Closed okhat closed 3 years ago
Hi, we tried use different beam sizes at each hop earlier, i.e., selecting the topk from beam1 x beam2 chains. But tuning this parameter does not seem to affect the end QA performance much. We end up with using the same beam size for each hop.
Awesome! Thanks.
In that case, what's the paper's choice on HotPotQA? Is it --beam-size 10 and --topk 100?
We used a large beam size for the leaderboard submission. We used beam size 200 and top250 passage sequences for answer extraction.

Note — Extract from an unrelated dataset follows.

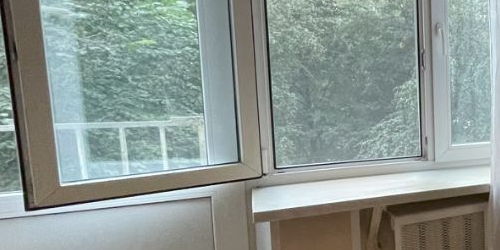 1-комн квартира Комсомольский проспект, 31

Thanks again! But how does this translate to the parameter settings? Did you use 200 x 200 (i.e., 40,000) sequences?
During beam search, yes.
Okay. But for Table 1, it is top-100 sequences (according to #5). Is the beam size there 200x200 too?
No, for table 2, we used beam 100 to get top100. The large batch size 200 is only used for test submission, for all other places without explicitly clarification, we always used beam size k to get the topk, e.g., for R@20, we searched 20x20 possible chains.
All makes sense. Thank you!
Hi---thanks again for the great paper and code release! I'm trying to better understand your definition and use of beam size.
My understanding is that this does not necessarily use the dynamic programming algorithm called beam search, per se, but instead is an exhaustive search over the defined search space (e.g., top-20 passages from hop 1 x top-5 passages for each, from hop 2, yielding a total of 100 pairs). Is this accurate?
I also noticed that some example code has
--beam-size-1 20 --beam-size-2 5
but it seems likeeval_mhop_retrieval.py
only accepts onebeam-size
. Is this equivalent to choosing both with one constant?